|
Asian Design |
|
|
PROJECT: Jewel House
Comments: From my client's wild and fanciful design, we built this home for her beloved collection of jewelry. She later named it the "Jewel House", since it was patterned from a massive Oriental fortress from her imagination, one that might have felt at home in an Akira Kurosawa movie.
Upon slicing into the Spalted Ash wood that was to become the front and back panels, I discovered an incredible display of grain with "pictures" painted by Mother Nature. On the front panel were the clearly defined shape of a whooping crane (one of my client's favorite animals), soaring alongside a sea lion. On the back, a gathering thunderstorm rolls majestically over the high plains, as rainshafts paint the prairie landscape below.

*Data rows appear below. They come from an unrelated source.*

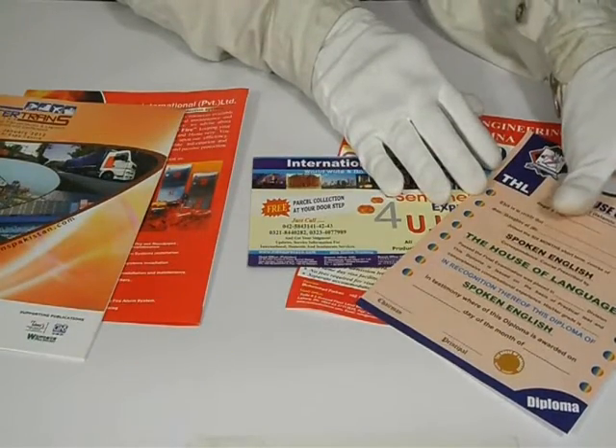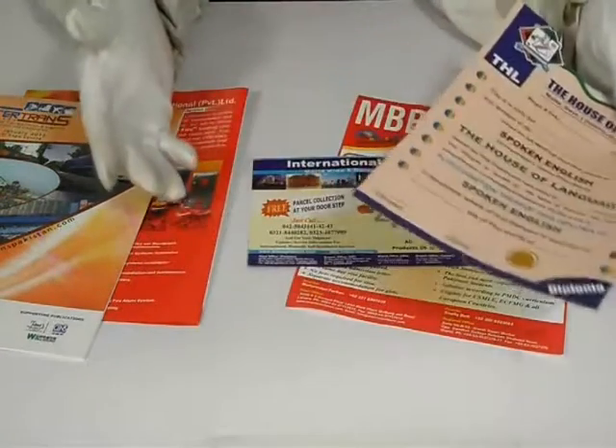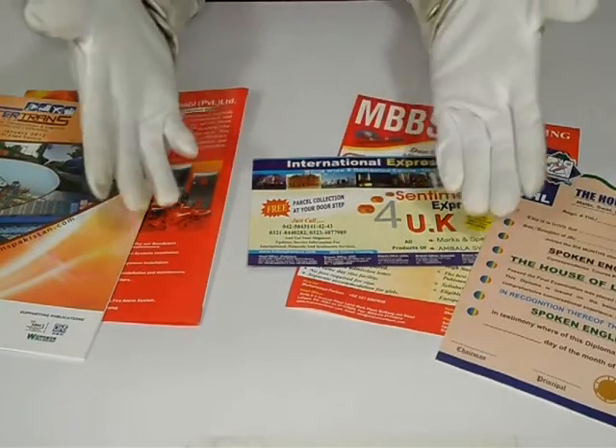Please feel free to contact us, request a quote, live chat with us, or give us a call on the number provided. Please be specific with your required size, quantity, and color scheme.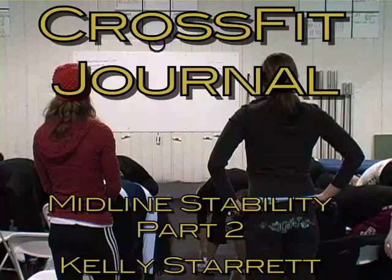So here's what we're going to do as a breakout for our first piece. This is called an active straight leg raise, and we're going to look at her abdominal stabilization strategy.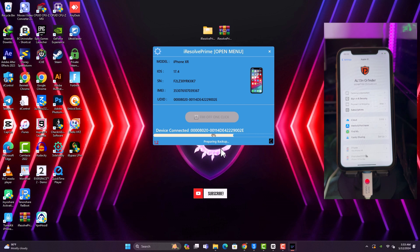Then you wait for the tool to do its thing. This is going to take some time.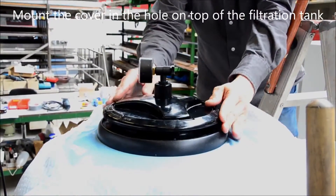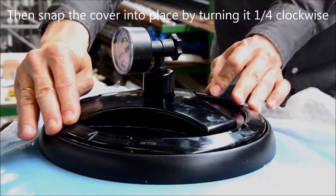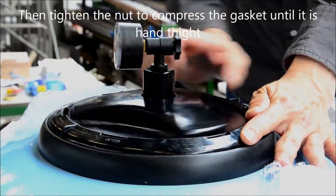If necessary, slightly loosen the nut. Then snap the cover in place by turning it one-fourth clockwise. Tighten the nut to compress the gasket until the nut is hand tight.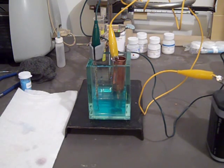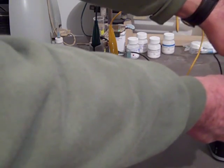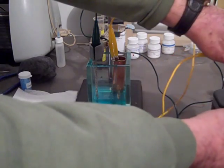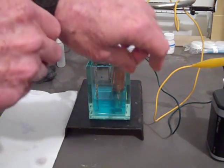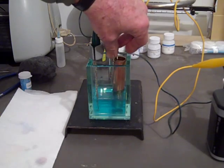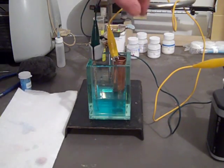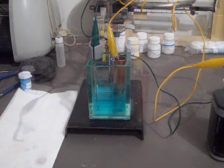Now we're going to reverse the current — put the negative terminal onto the copper and the positive onto the silver — and let it go five more minutes. We'll check the copper to see if anything happened from the last run. Nothing. Same clean copper end we had before.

Or at least, so it seemed to us.
The Spalted Ash patterns are actually created by a fungus which grows on the still-wet log, and leaves behind a dramatic series of black swirls embedded in the grain. The process is called "spalting", and stops when the log is too dry for the fungus to grow. At that point it is safe to build something with the patterned lumber.
As you can see below, an amazing amount of jewelry can be packed into the modest space of the box. All the drawers and their dividers are compartmented for individual pieces of jewelry and lined with black velvet.
The finish is roughly seven coats of oil finish, which brings out the richness of detail in the Hackberry wood as well as the Walnut.
Wood: Black Walnut and Spalted Hackberry.